Kang? Is that you?It took eighteen years, innumerable rewrites and at least one spider-pig, but it’s all been worth it: “The Simpsons Movie” opens today, and I am firmly in its corner.

Oh, and there are some other movies opening, too:

Mon Mellieur Ami“: Highbrow French director Patrice Leconte — maker of such marvelous meditations on fate as “Girl on the Bridge” and “Man on the Train” — tries his hand at a conventional relationship picture, and ends up making one of the year’s most intriguingly off-rhythm films. Is Daniel Auteuil socially awkward, or is he an asshole? Vous be the judge.

No Reservations“: Expectations were not high for this Manhattan remake of “Mostly Martha”; the trailer’s atrocious, and I haven’t thought much of Scott Hicks’ films since “Snow Falling on Cedars”, where the indignities of Japanese-American internment during World War II unfolded in what seemed like real time. But it’s watchable enough, thanks to Aaron Eckhart’s marvelous freestyle turn as the charming sous-chef who reawakens Catherine Zeta-Jones to the (predictable) joys of life, tiramisu and snogging.
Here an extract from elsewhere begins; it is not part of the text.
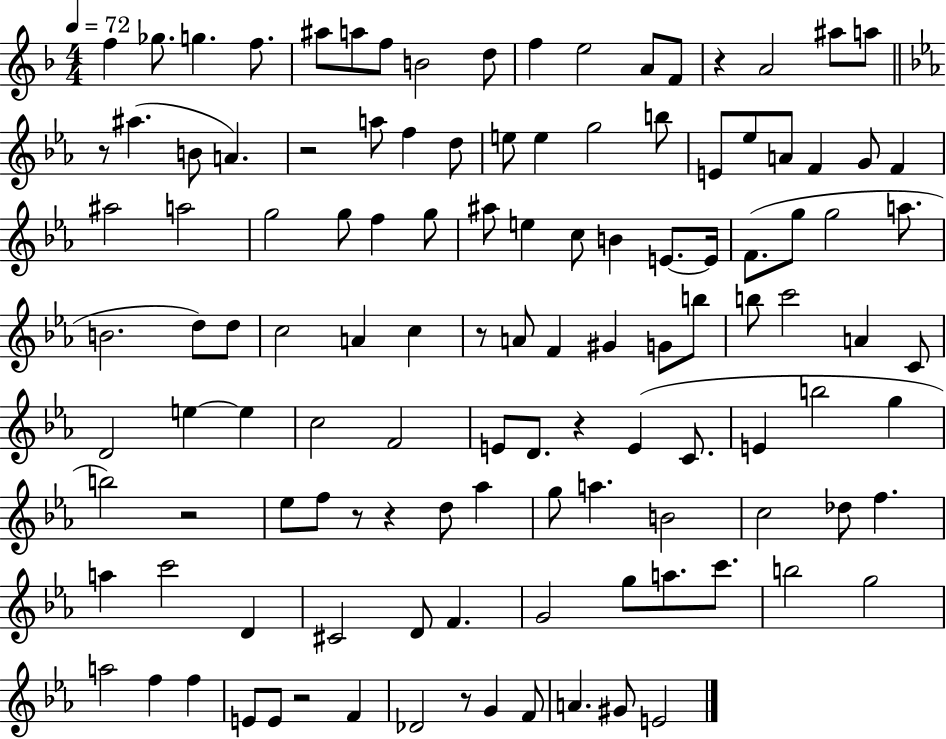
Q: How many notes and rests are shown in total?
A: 120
Talk to Me“: A tremendously good rock and soul soundtrack, and the electric performance of Don Cheadle as cocksure Washington radio personality Petey Greene, gives the first two-thirds of Kasi Lemmons’ standard-issue biopic a marvelous bounce. But the script runs into a couple of brick walls when Petey’s career hits its zenith, and when the screenwriters decide to shift their focus to co-star Chiwetel Ejiofor, in the far less dynamic role of Greene’s manager and foil.

I have to see “I Know Who Killed Me” this afternoon, since Sony declined to screen it for the press. My instinct is to say their efforts to shield the movie from review would be better spent trying to protect Lohan from herself, but that doesn’t seem terribly funny right now.